_Data shown_:
----------------------------------------

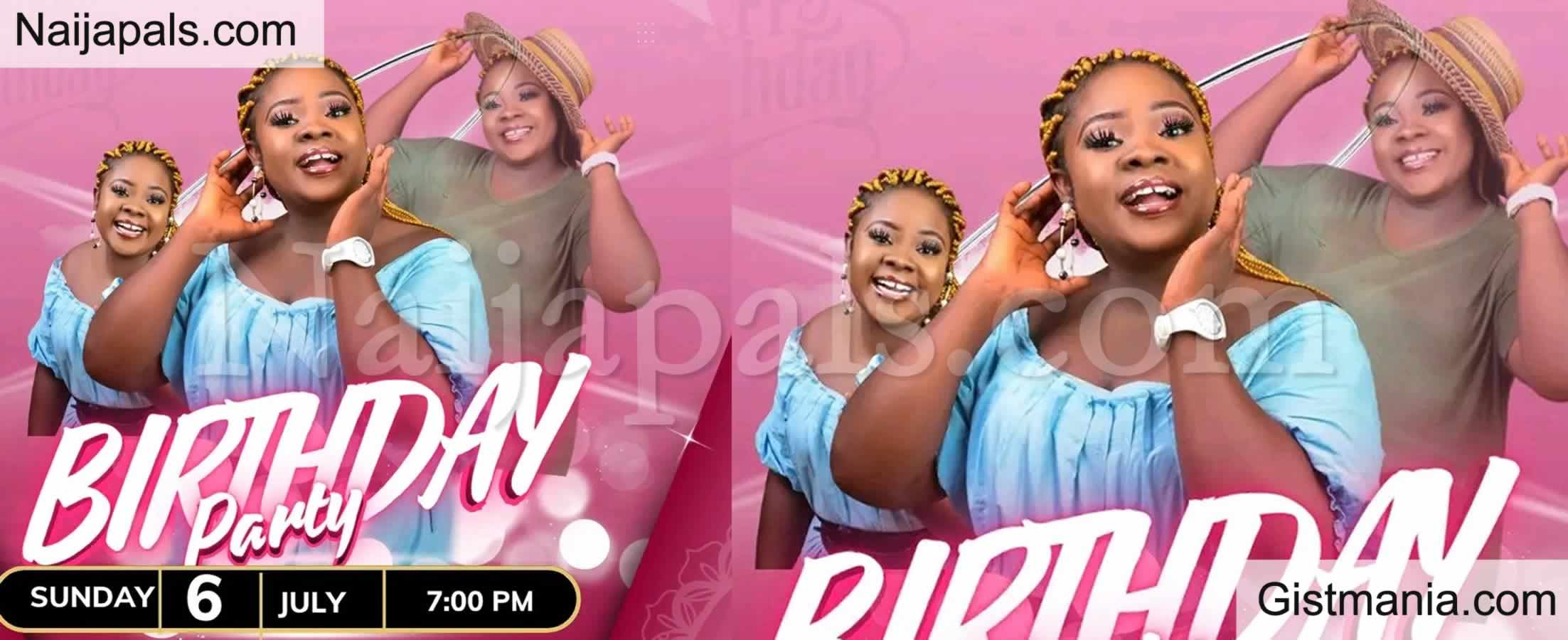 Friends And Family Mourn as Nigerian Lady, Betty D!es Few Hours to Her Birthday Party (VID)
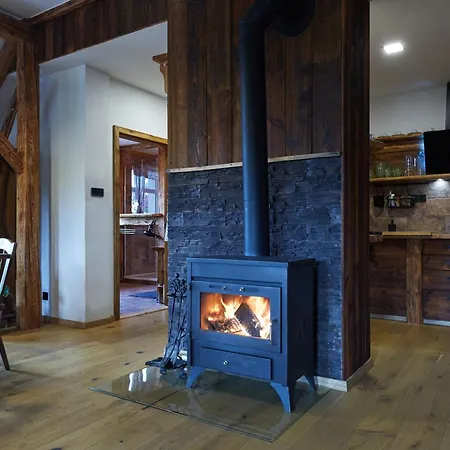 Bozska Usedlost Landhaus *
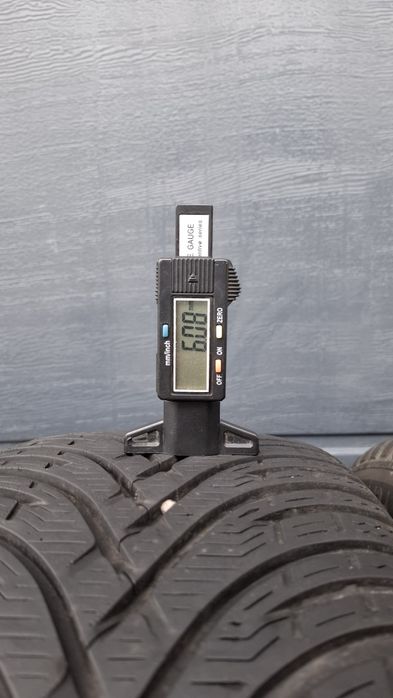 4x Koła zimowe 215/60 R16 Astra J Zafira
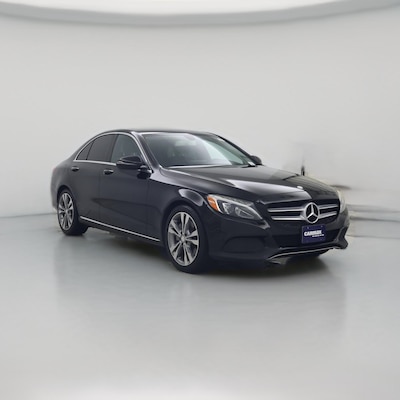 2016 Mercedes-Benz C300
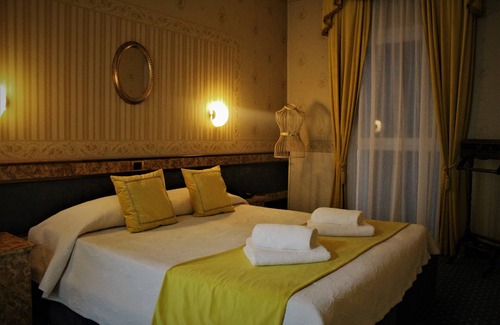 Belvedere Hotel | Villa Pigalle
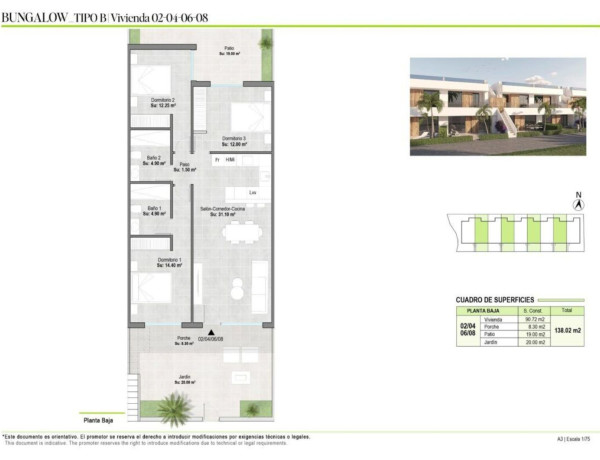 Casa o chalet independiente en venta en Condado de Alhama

----------------------------------------

_Task to carry out_: Without the pictures, copy out each entry exactly as it stands.

_Response_:
 Friends And Family Mourn as Nigerian Lady, Betty D!es Few Hours to Her Birthday Party (VID)
 Bozska Usedlost Landhaus *
 4x Koła zimowe 215/60 R16 Astra J Zafira
 2016 Mercedes-Benz C300
 Belvedere Hotel | Villa Pigalle
 Casa o chalet independiente en venta en Condado de Alhama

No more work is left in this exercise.